Start of DATA RECORDS

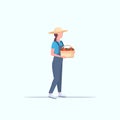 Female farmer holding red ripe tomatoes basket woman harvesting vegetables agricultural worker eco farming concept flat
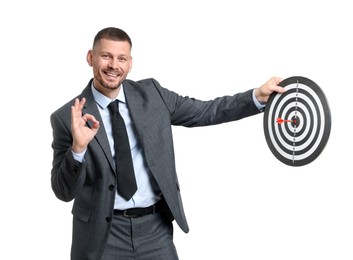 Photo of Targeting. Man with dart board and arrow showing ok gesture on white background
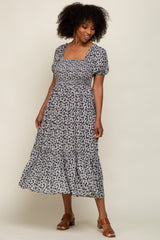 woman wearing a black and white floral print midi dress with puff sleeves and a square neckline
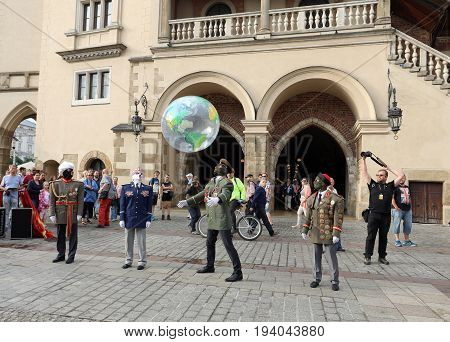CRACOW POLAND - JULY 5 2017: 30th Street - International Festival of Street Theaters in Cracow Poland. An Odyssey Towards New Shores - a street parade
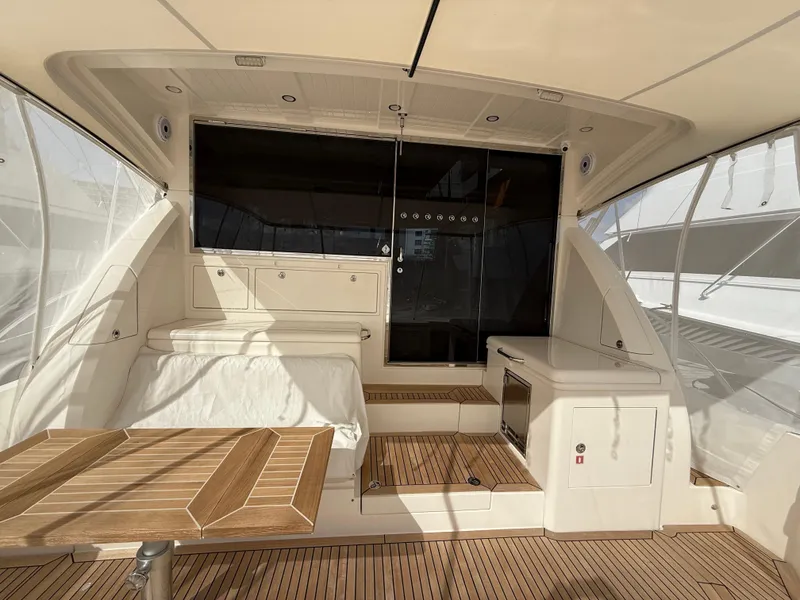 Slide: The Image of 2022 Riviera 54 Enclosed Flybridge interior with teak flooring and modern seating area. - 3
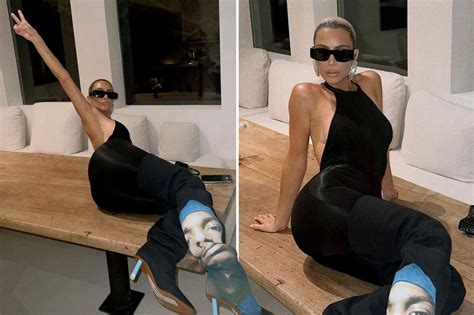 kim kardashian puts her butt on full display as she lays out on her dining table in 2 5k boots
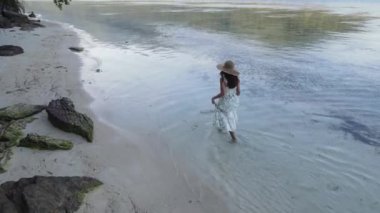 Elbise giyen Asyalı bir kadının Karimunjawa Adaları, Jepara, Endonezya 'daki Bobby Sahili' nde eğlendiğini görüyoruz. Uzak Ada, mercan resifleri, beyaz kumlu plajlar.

End of DATA RECORDS
Start of DATA RECORDS

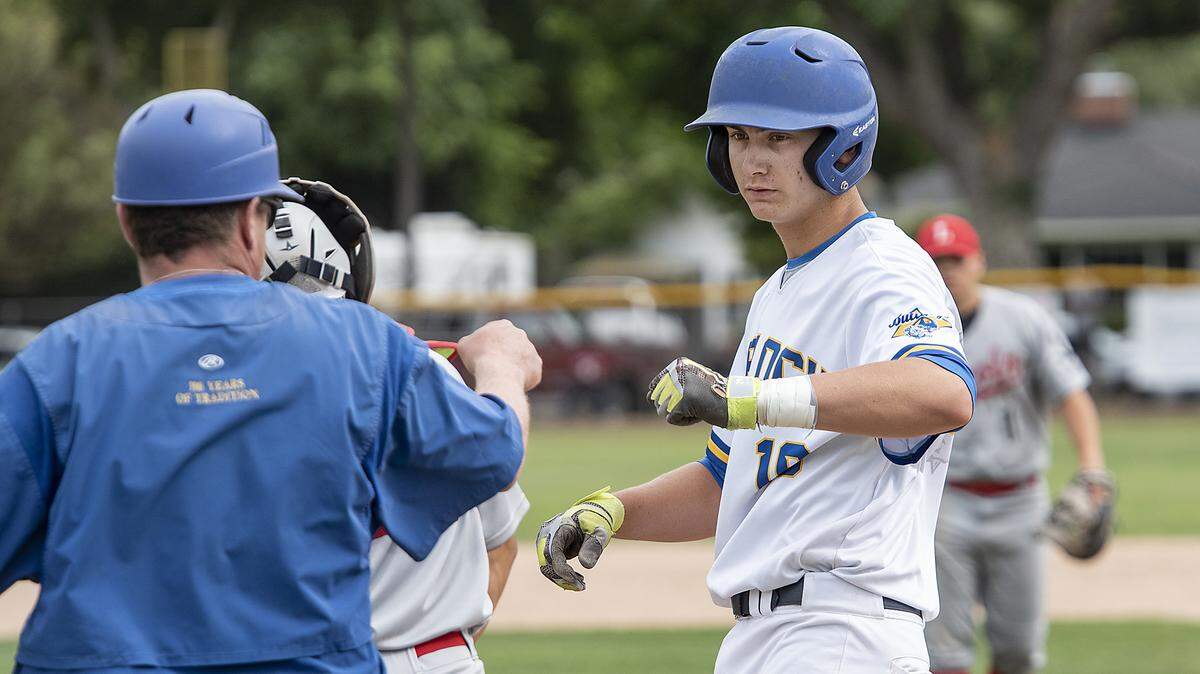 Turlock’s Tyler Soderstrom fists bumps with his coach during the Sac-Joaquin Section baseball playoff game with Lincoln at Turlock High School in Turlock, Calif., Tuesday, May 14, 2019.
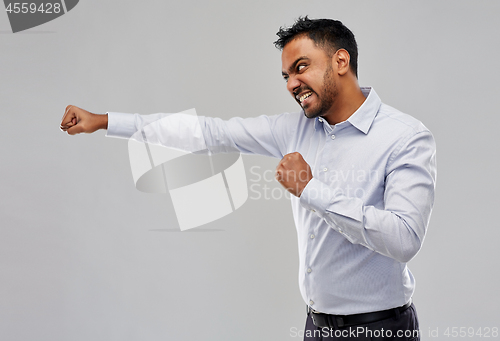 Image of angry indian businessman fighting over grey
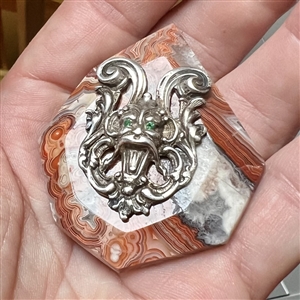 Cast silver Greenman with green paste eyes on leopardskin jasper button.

End of DATA RECORDS

Between and including the line with "CRACOW POLAND - JULY" and the line with "Elbise giyen Asyalı", repeat every line exactly as it appears above, with pictures left out.

◆ SOLUTION TO THIS PROBLEM:
CRACOW POLAND - JULY 5 2017: 30th Street - International Festival of Street Theaters in Cracow Poland. An Odyssey Towards New Shores - a street parade
 Slide: The Image of 2022 Riviera 54 Enclosed Flybridge interior with teak flooring and modern seating area. - 3
 kim kardashian puts her butt on full display as she lays out on her dining table in 2 5k boots
 Elbise giyen Asyalı bir kadının Karimunjawa Adaları, Jepara, Endonezya 'daki Bobby Sahili' nde eğlendiğini görüyoruz. Uzak Ada, mercan resifleri, beyaz kumlu plajlar.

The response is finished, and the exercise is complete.